Where the application is supported by an opinion of Counsel that is confidential, it may be difficult for a judge to provide reasons that are as full as would otherwise be given (Macedonian Orthodox [161]). I should note that for the purposes of the present proceedings, Counsel have provided a confidential Opinion and that there has been no waiver of privilege: see Macedonian Orthodox Community Church St Petka Inc v His Eminence Petar, the Diocesan Bishop of the Macedonian Orthodox Church of Australia and New Zealand [2006] NSWCA 160 at [53].
While there is a distinction between the question as to whether, on the one hand, it is in the best interests for the trust estate for litigation to be conducted, and on the other hand, whether the trustee should be entitled to indemnity out of the trust property for its reasonable costs of litigation, the two questions are interrelated. As noted by the plurality in Macedonian Orthodox, where the conduct of litigation is in the best interests of the trust, how those proceedings are to be conducted "as a matter of practicality" must be considered. The financial capacity of the applicant is relevant in determining whether the applicant is entitled to be indemnified out of the trust property with respect to reasonable costs of litigation ([82]-[85]).
The plurality of the High Court in Macedonian Orthodox cited without disapproval the following remarks of Palmer J (Re Application of Macedonian Orthodox Community Church St Petka Inc (No 3) [2006] NSWSC 1247 at [80]):
In a judicial advice application in which the trustee asks whether it is justified in prosecuting or defending litigation, all the Court does is to reach a view as to whether the Opinion of Counsel satisfies it that there are suffıcient prospects of success to warrant the trustee in proceeding with the litigation. Counsel's Opinion must address the facts necessary to support the legal conclusions reached and must demonstrate that the propositions of law relied upon for those conclusions are properly arguable. Whether, in the light of Counsel's Opinion, there are 'suffıcient' prospects of success calls for another judgment, founded upon such considerations as:
- the nature of the case and the issues raised;
- the amounts involved, including likely costs
- whether the likely costs to be incurred by the trustee are proportionate to the issues and [the] significance of the case;
- the consequences of the litigation to the parties concerned;
- in the case of a charitable trust, any relevant public interest factors."
The plurality noted ([162]-[164]) that Palmer J's remarks should not be interpreted as drawing a distinction between mere "sufficiency" and "strength" and emphasised that Palmer J had considered the "merits and strengths of the claim" as a relevant factor.
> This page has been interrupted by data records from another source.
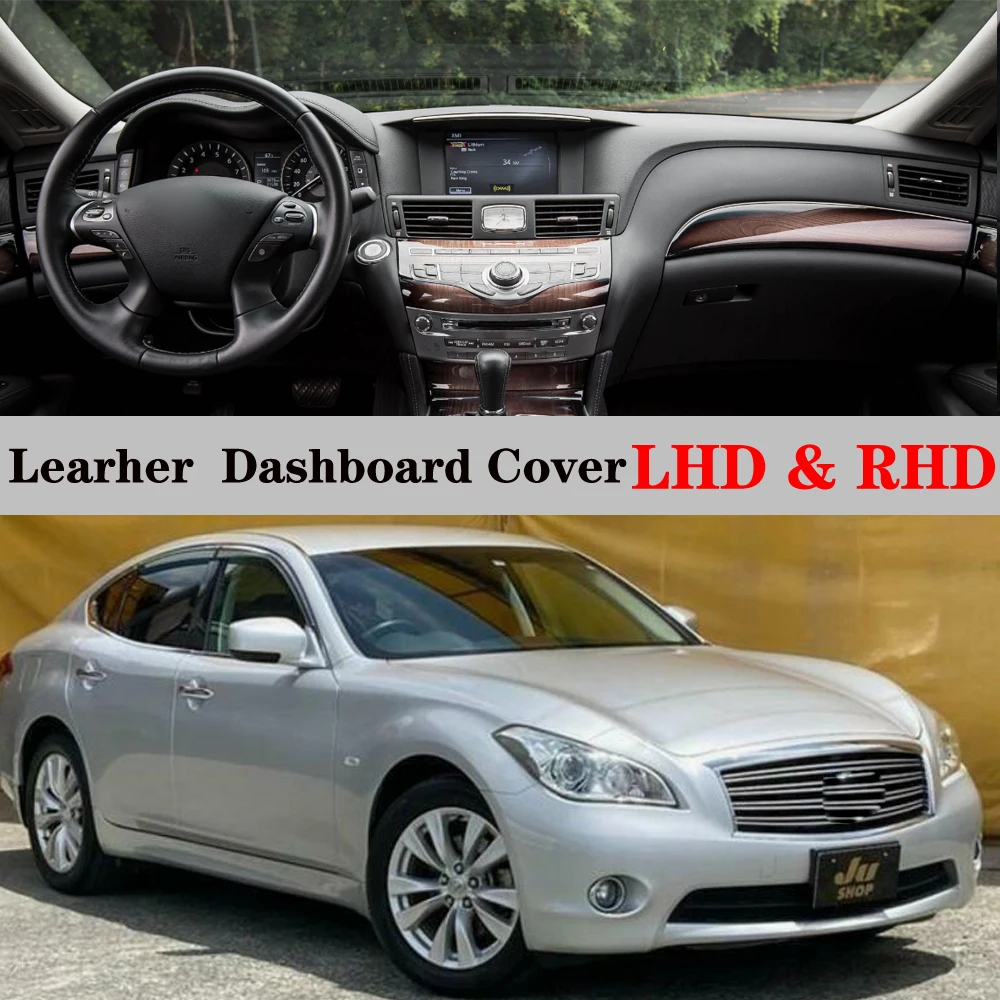 Dashboard Dash Mat Cover PU Leather Pad Sunshade Anti-UV Car Accessories For Nissan FUGA Y51 2010-2020 For Infiniti M25 M37 Q70L
Dashboard Dash Mat Cover PU Leather Pad Sunshade Anti-UV Car Accessories For Nissan FUGA Y51 2010-2020 For Infiniti M25 M37 Q70L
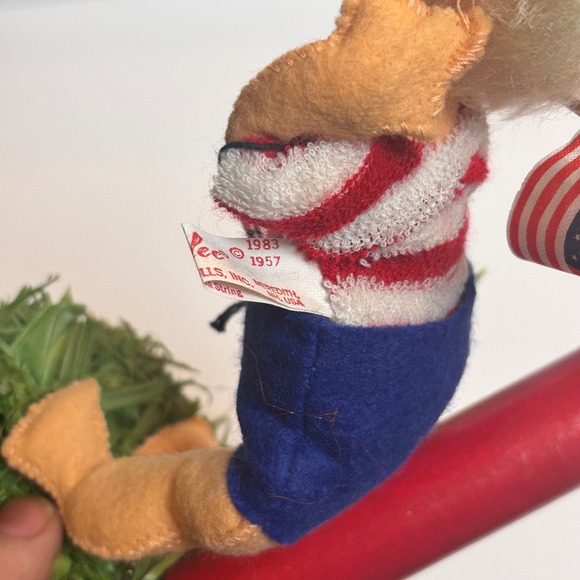 Annalee Dolls Patriotic Boy with Firecracker American Flag Vintage 1983 7" 4th - Picture 5 of 5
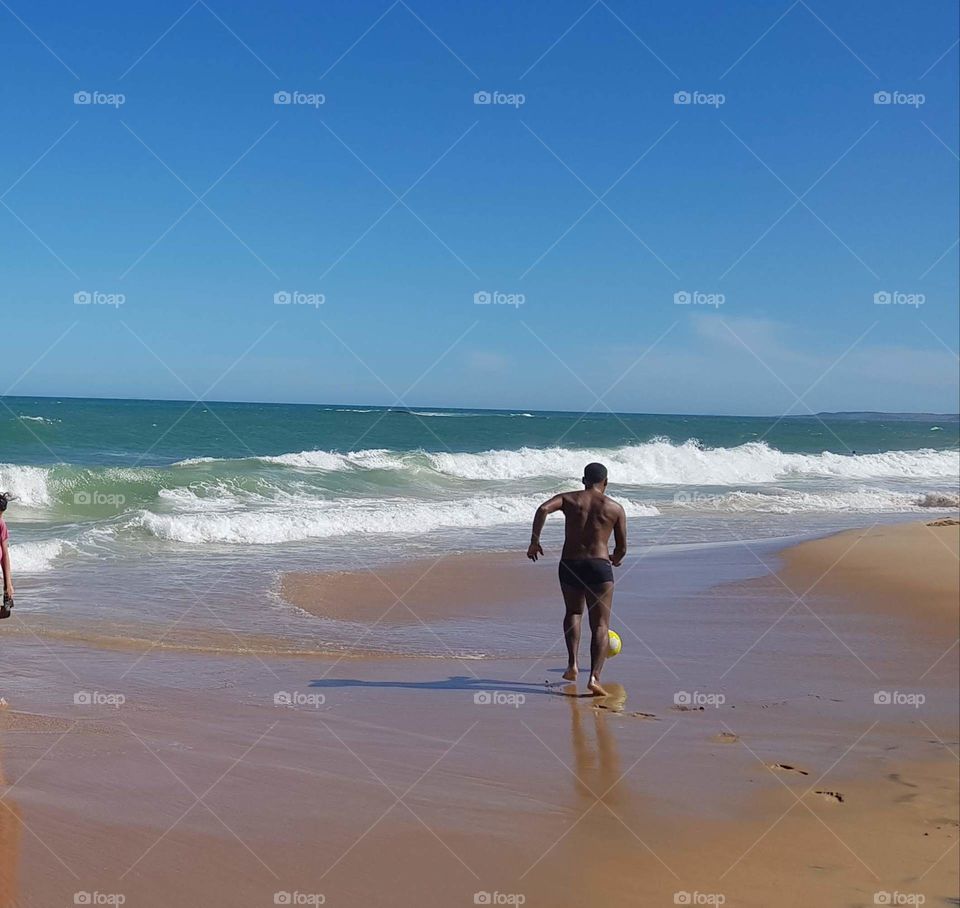 The man on the beach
In Re Rosewood Research Pty Ltd (No 2) [2014] NSWSC 1226, Darke J remarked that:
[17] There was no hint of disapproval of any aspect of Palmer J's statement, but I do not think that the High Court, by its reference to the passage, was intending to state that in all cases where a trustee seeks advice as to whether it should defend proceedings, it is essential that the opinion of counsel must satisfy the requirements suggested by Palmer J, and the Court reach a view, based upon the considerations identified by Palmer J, that there are sufficient prospects of success to warrant the Trustee proceeding to defend.
[18] Undoubtedly, the matters referred to by Palmer J are relevant matters to consider in such a case. Nonetheless, it would be a mistake to read his statement as if it prescribed the manner in which the power to give advice under s 63 of the Trustee Act 1925 (NSW) is to be exercised in all such cases. As was stated in the joint judgment in the Macedonian Church case at [59] (and see also Kiefel J at [196]) the discretion to give advice under s 63 is confined only by the subject matter, scope and purpose of the legislation. It is clear, however, that the interests of the trust estate is always of cardinal significance (see the Macedonian Church case at [104], [105], [107], [125], [196] and [197]).
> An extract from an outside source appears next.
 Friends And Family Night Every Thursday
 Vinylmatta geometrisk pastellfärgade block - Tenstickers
In Re: Application of the Anglican Property Trust Diocese of Bathurst [2016] NSWSC 13, Slattery J also appeared to cite the remarks of Palmer J without any disapproval (at [10]-[13]). In that case, his Honour found that the trustee would be justified in defending the proceedings and using the resources of the trust to do so on the basis that (1) in Counsel's opinion, the defence had "reasonable prospects of success", (2) the Court concludes that the trustee's case is "not unarguable" and "seems reasonably maintainable" and (3) the trustee is the proper contradictor to the plaintiffs' claims ([16]-[19]).
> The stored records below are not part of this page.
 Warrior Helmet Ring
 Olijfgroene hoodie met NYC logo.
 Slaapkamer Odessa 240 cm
The remarks of Palmer J were similarly cited by Davies J in Jax Quickfit Franchising Systems Pty Ltd as Trustee for the Jax Quickfit Franchising Systems Unit Trust [2012] NSWSC 1114 seemingly without disapproval (at [26]).
[6]
Federal Court proceedings
Counsel for Bideena submit that the claims of oppression and claims against Mr Patakas and Goeke have reasonable prospects of success. For reasons which follow, I have formed a prima facie view that is correct, on the materials before the court.
[7]
Oppression claim
As Bideena is a member of ARF Investments rather than the subsidiary ARF, the oppression claim in the Federal Court proceedings has been pleaded as a failure on the part of ARF Investments to take action to prevent ARF's conduct.
I am of the view that that approach is arguable on the basis of Derrington J's observations in Re Norvabron Pty Ltd No 2 (1986) 11 ACLR 279 at 292 that:
It has been argued that this conduct upon which the application relies is limited to the affairs of Transfield (Qld), whereas the application is necessarily directed at Norvabron, and the suggestion is that the directors of Norvabron have not been shown to be at fault in the affairs of that company in the same way as they were in respect of Transfield (Qld). However, such an approach is artificial in the extreme. The technical answer is that the directors of Norvabron knew very well what was happening in respect of Transfield (Qld) because they were the persons involved. By their omission to take action as directors of Norvabron to prevent their own conduct as directors of Transfield (Qld), which of course was open to them and was their duty, they were guilty of an omission to remedy the situation.
See also IceTV Pty Ltd v Ross [2008] NSWSC 1321 at [13] (Slattery J) and Re Dernacourt Investments Pty Ltd (1990) 20 NSWLR 588 at 616 (Powell J).
Counsel submit that the present involves a case of "sit on their hands oppression" (T2) within the meaning of s 232 of the Corporations Act 2001 (Cth).
Section 232 provides that:
The Court may make an order under section 233 if:
(a) the conduct of a company's affairs; or
(b) an actual or proposed act or omission by or on behalf of a company; or
(c) a resolution, or a proposed resolution, of members or a class of members of a company;
is either:
(d) contrary to the interests of the members as a whole; or
(e) oppressive to, unfairly prejudicial to, or unfairly discriminatory against, a member or members whether in that capacity or in any other capacity.
For the purposes of this Part, a person to whom a share in the company has been transmitted by will or by operation of law is taken to be a member of the company.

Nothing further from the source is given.